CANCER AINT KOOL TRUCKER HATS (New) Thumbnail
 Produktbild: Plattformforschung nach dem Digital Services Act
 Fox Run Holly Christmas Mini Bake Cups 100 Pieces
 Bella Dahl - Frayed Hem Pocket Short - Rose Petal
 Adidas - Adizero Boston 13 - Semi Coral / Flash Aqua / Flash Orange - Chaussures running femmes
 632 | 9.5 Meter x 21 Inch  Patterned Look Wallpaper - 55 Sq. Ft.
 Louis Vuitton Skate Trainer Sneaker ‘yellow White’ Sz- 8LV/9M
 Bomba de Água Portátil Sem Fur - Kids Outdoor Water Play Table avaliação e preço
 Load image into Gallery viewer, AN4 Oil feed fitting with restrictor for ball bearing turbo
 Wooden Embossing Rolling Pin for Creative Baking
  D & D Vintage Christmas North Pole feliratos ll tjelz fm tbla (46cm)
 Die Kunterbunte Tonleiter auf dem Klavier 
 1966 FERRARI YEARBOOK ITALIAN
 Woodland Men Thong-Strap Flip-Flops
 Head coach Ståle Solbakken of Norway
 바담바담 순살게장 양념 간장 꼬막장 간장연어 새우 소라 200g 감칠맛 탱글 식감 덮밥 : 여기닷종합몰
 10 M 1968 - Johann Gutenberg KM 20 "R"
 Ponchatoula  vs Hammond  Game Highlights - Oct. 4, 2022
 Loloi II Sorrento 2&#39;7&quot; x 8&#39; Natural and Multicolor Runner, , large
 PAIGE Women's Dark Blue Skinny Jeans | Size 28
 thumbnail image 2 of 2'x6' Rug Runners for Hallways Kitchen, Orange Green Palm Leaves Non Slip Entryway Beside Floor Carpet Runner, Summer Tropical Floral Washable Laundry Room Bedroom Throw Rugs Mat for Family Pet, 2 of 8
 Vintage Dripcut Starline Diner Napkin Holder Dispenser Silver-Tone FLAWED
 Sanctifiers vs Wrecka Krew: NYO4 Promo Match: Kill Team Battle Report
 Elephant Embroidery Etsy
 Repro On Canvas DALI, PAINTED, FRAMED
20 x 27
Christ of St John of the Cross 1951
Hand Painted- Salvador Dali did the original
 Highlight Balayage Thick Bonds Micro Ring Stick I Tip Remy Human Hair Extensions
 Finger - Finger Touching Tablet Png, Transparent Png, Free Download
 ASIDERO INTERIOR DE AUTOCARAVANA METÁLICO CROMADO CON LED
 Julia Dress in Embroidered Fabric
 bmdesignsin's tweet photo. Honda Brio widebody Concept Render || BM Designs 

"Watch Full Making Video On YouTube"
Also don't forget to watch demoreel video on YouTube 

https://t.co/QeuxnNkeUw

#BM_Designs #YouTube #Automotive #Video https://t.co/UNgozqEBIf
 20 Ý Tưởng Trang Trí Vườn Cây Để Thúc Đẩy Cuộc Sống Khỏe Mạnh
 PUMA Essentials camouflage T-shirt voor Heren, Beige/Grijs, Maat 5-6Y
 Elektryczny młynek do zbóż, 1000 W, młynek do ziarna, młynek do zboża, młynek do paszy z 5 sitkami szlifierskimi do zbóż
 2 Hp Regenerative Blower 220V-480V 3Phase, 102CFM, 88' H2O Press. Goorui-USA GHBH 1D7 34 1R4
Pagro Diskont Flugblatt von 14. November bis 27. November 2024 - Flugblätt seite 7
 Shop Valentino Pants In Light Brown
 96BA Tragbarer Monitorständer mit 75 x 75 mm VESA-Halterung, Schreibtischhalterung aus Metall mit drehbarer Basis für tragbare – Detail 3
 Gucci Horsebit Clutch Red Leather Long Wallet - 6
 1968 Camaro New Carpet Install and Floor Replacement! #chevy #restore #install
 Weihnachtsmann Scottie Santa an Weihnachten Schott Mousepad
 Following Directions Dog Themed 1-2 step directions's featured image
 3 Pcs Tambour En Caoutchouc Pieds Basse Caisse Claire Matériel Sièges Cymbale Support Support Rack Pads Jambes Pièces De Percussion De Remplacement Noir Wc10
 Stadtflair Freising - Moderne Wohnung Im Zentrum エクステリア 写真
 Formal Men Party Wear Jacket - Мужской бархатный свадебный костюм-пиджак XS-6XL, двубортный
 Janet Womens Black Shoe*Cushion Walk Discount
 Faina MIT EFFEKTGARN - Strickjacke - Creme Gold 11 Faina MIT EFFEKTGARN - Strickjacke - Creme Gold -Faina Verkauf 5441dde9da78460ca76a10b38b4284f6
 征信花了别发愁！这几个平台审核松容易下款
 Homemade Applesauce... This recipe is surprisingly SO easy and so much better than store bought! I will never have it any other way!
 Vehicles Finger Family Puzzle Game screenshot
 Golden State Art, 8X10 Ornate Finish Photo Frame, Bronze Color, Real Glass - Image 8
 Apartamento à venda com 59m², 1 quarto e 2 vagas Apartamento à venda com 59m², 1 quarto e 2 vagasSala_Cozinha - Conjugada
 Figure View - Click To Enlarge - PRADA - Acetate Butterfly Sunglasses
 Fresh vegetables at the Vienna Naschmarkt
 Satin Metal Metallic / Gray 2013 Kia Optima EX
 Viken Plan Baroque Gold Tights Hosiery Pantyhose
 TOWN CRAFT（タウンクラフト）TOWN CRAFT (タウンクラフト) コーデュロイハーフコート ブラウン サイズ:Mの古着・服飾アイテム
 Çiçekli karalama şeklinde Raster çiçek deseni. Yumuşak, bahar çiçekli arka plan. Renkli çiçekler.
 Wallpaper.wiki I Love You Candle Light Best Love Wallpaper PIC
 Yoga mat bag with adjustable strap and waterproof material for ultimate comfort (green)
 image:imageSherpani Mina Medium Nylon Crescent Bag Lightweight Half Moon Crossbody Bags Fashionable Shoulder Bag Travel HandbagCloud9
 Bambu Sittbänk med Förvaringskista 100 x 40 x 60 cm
::::::
=== TASK INSTRUCTIONS ===
The exact lines of the material above starting at the one that contains "Die Kunterbunte Tonleiter auf dem Klavier" and ending at the one that contains "Gucci Horsebit Clutch" are what to retype; leave out everything else.

=== RESPONSE BOX ===
 Die Kunterbunte Tonleiter auf dem Klavier 
 1966 FERRARI YEARBOOK ITALIAN
 Woodland Men Thong-Strap Flip-Flops
 Head coach Ståle Solbakken of Norway
 바담바담 순살게장 양념 간장 꼬막장 간장연어 새우 소라 200g 감칠맛 탱글 식감 덮밥 : 여기닷종합몰
 10 M 1968 - Johann Gutenberg KM 20 "R"
 Ponchatoula  vs Hammond  Game Highlights - Oct. 4, 2022
 Loloi II Sorrento 2&#39;7&quot; x 8&#39; Natural and Multicolor Runner, , large
 PAIGE Women's Dark Blue Skinny Jeans | Size 28
 thumbnail image 2 of 2'x6' Rug Runners for Hallways Kitchen, Orange Green Palm Leaves Non Slip Entryway Beside Floor Carpet Runner, Summer Tropical Floral Washable Laundry Room Bedroom Throw Rugs Mat for Family Pet, 2 of 8
 Vintage Dripcut Starline Diner Napkin Holder Dispenser Silver-Tone FLAWED
 Sanctifiers vs Wrecka Krew: NYO4 Promo Match: Kill Team Battle Report
 Elephant Embroidery Etsy
 Repro On Canvas DALI, PAINTED, FRAMED
20 x 27
Christ of St John of the Cross 1951
Hand Painted- Salvador Dali did the original
 Highlight Balayage Thick Bonds Micro Ring Stick I Tip Remy Human Hair Extensions
 Finger - Finger Touching Tablet Png, Transparent Png, Free Download
 ASIDERO INTERIOR DE AUTOCARAVANA METÁLICO CROMADO CON LED
 Julia Dress in Embroidered Fabric
 bmdesignsin's tweet photo. Honda Brio widebody Concept Render || BM Designs 

"Watch Full Making Video On YouTube"
Also don't forget to watch demoreel video on YouTube 

https://t.co/QeuxnNkeUw

#BM_Designs #YouTube #Automotive #Video https://t.co/UNgozqEBIf
 20 Ý Tưởng Trang Trí Vườn Cây Để Thúc Đẩy Cuộc Sống Khỏe Mạnh
 PUMA Essentials camouflage T-shirt voor Heren, Beige/Grijs, Maat 5-6Y
 Elektryczny młynek do zbóż, 1000 W, młynek do ziarna, młynek do zboża, młynek do paszy z 5 sitkami szlifierskimi do zbóż
 2 Hp Regenerative Blower 220V-480V 3Phase, 102CFM, 88' H2O Press. Goorui-USA GHBH 1D7 34 1R4
Pagro Diskont Flugblatt von 14. November bis 27. November 2024 - Flugblätt seite 7
 Shop Valentino Pants In Light Brown
 96BA Tragbarer Monitorständer mit 75 x 75 mm VESA-Halterung, Schreibtischhalterung aus Metall mit drehbarer Basis für tragbare – Detail 3
 Gucci Horsebit Clutch Red Leather Long Wallet - 6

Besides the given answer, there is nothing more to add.